JshWright · on March 30, 2017

Silent Phone has used CBR since day 1.

CodeMichael · on March 30, 2017

Correct, last article I recall reading about deciphering VBR from packet size alone was something in the neighborhood of 50% success rate.

Y_Y · on March 30, 2017

Then why not compress really efficiently by just transmitting packet sizes?

c22 · on March 30, 2017

Because 50% of them won't be understood?

e12e · on March 30, 2017

On the other hand, if you could do it, you'd probably have invented a convoluted speech-to-text (where text is a index into a dictionary of words). Note that you would also likely lose things like inflection, voice, accent etc - so while it might work as a texting system with voice input - it would be a poor substitute for voice chat..

samat · on March 30, 2017

Those codecs have tons of parameters to tweak (source: private conversation with Pavel Durov)

moe · on March 30, 2017

But what sort of parameters are adjusted?

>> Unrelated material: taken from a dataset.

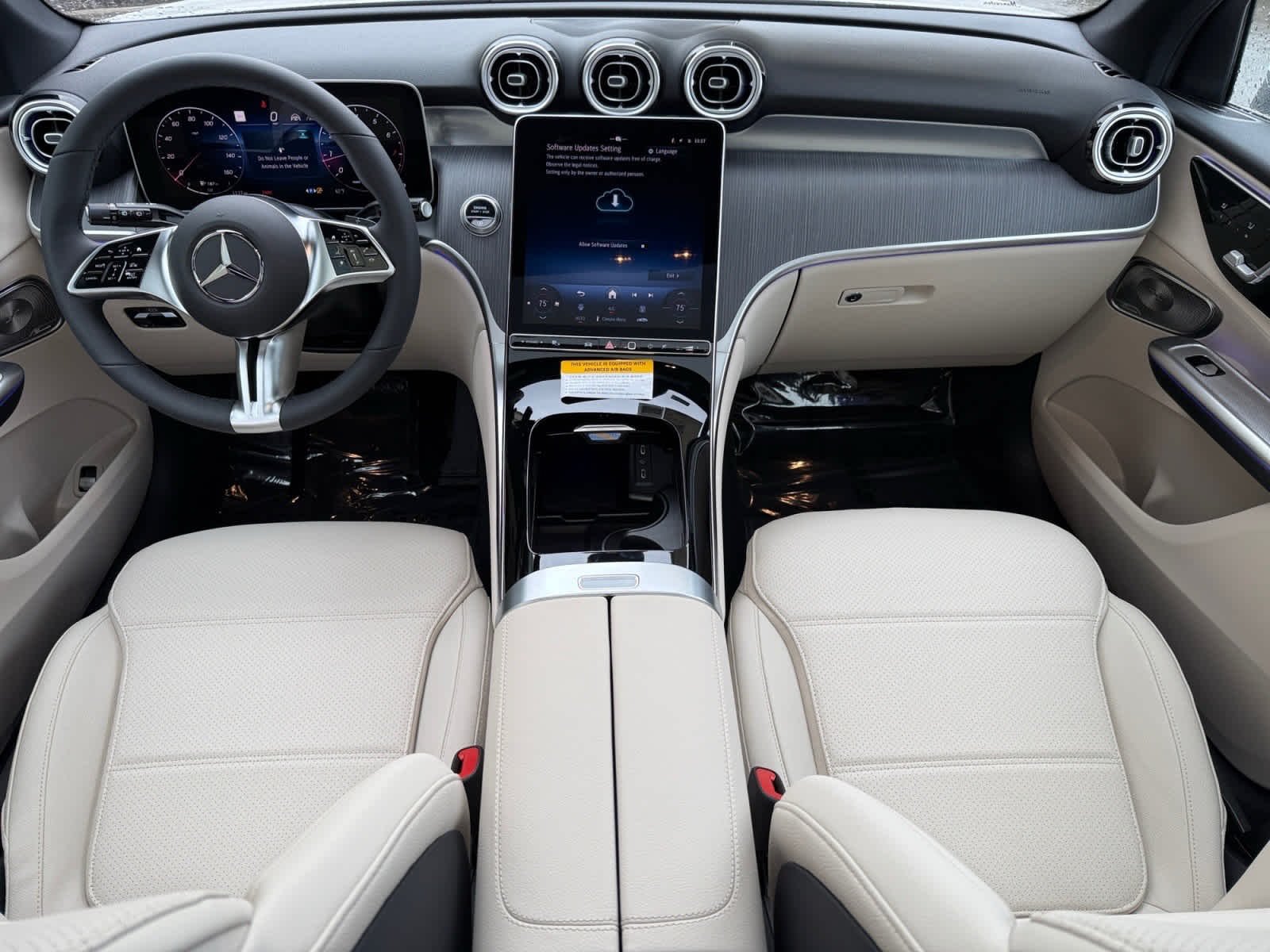 Used 2026 Polar White Mercedes-Benz GLC 300 image 12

This is HN. A link to an example would be appreciated.

Edit: To clarify, I work with audio codecs too, and can't really think of parameters (other than the compression level?) that would make much sense to adjust on the fly.

If "AI" is used for more than just a buzzword here, then I imagine the answer must be quite interesting.

fenwick67 · on March 30, 2017

They probably adjust the incoming / outgoing buffer sizes (and therefore the audio delay, since it's live) to account for packet loss.

They might also prioritize traffic depending on how full your buffers are.

I can only assume Youtube and Netflix do similar parameter tweaks to optimize their video delivery based on the connection (totally filling the buffer to a max size all the time would waste bandwidth, but if the client has lots of packet loss they need a larger safety net).

pbhjpbhj · on March 30, 2017

Right, looks like we're up to maybe 6 parameters. The claim was dozens which i take to mean at least 24, possibly 36 as the lower bound.